### Entries supplied
★ ★ ★ ★
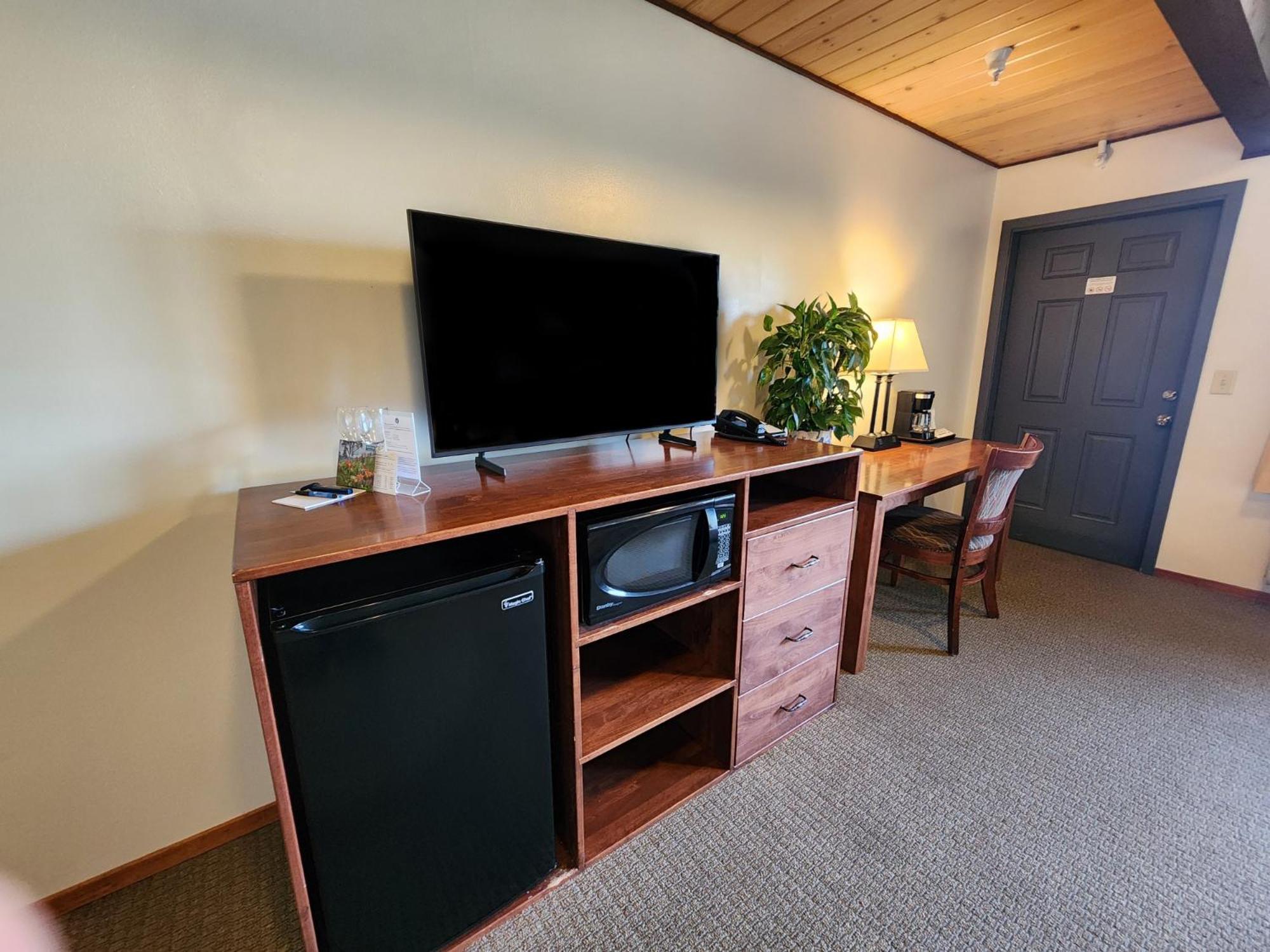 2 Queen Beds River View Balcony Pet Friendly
★ ★ ★ ★
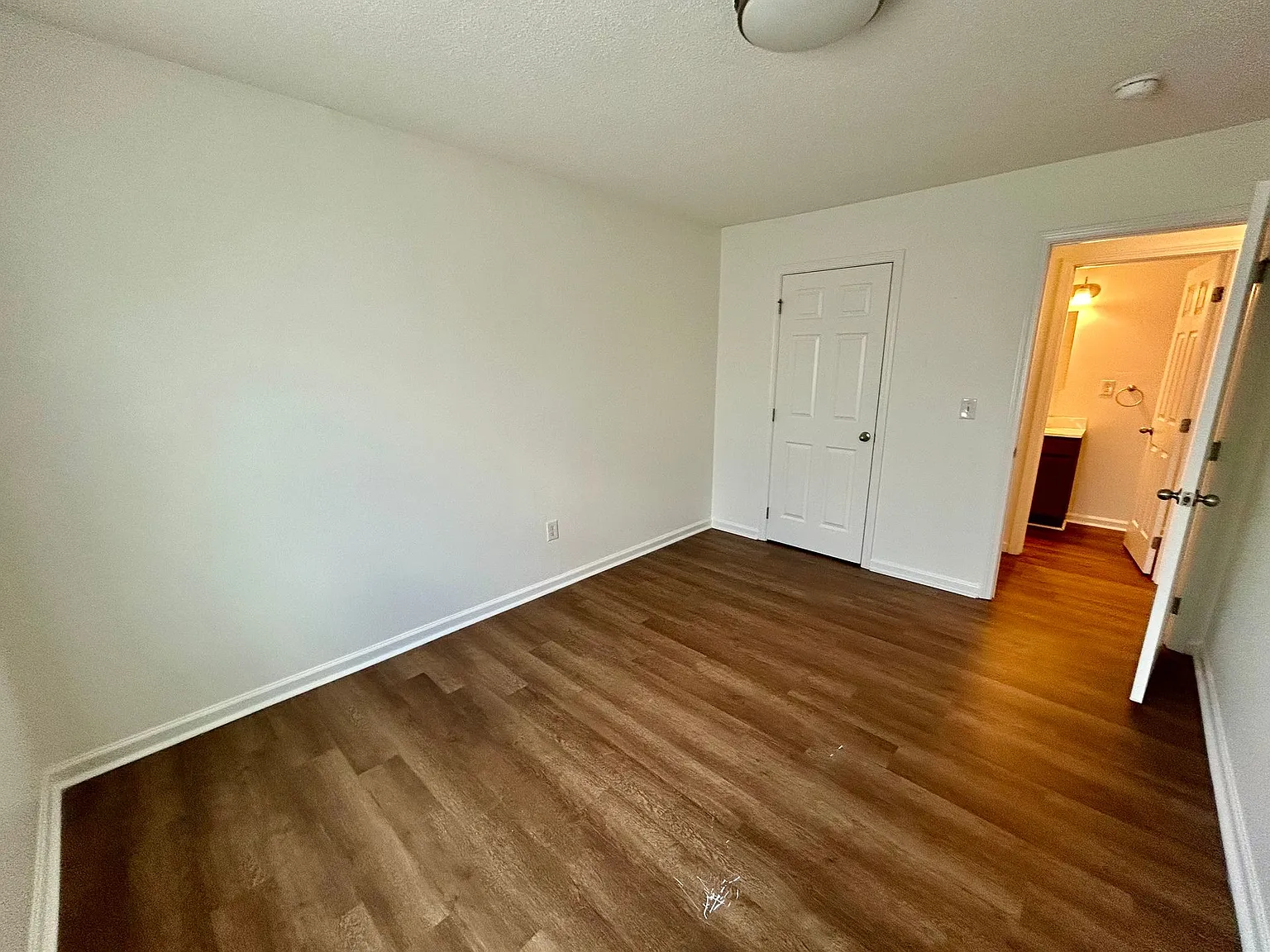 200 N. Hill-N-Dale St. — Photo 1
★ ★ ★ ★
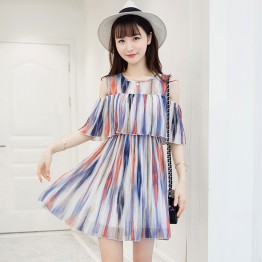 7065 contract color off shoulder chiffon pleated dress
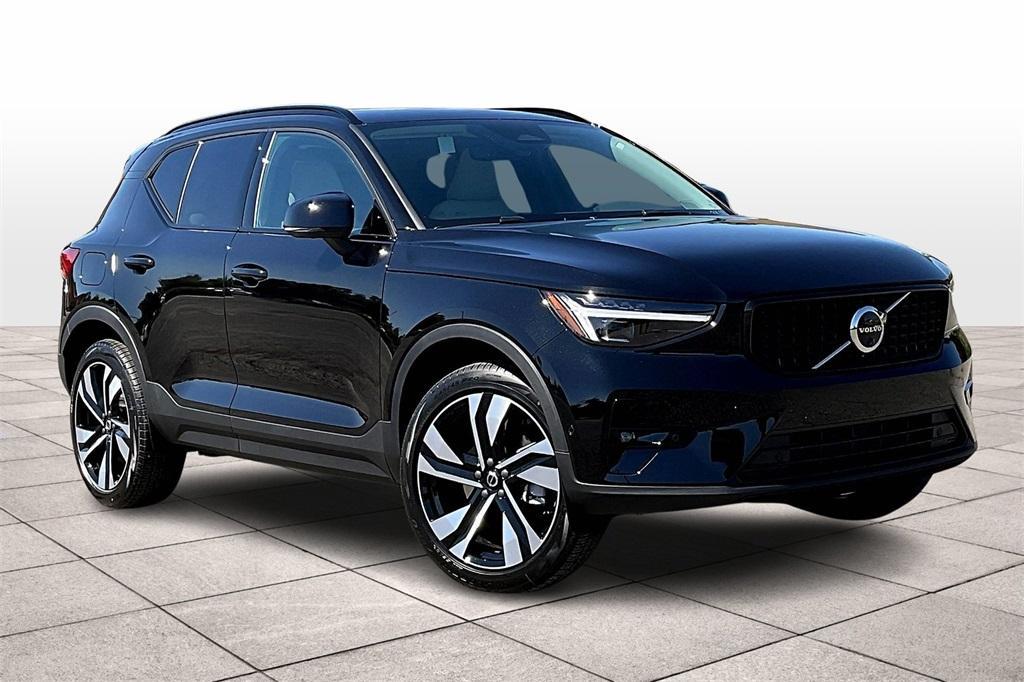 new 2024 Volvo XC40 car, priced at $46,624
★ ★ ★ ★
### Exercise aim
From the records above, return exactly the lines running from the one that contains "7065 contract color" down to the one that contains "new 2024 Volvo XC40 car, priced at $46,624", both included, without any pictures.

### Response
 7065 contract color off shoulder chiffon pleated dress
 new 2024 Volvo XC40 car, priced at $46,624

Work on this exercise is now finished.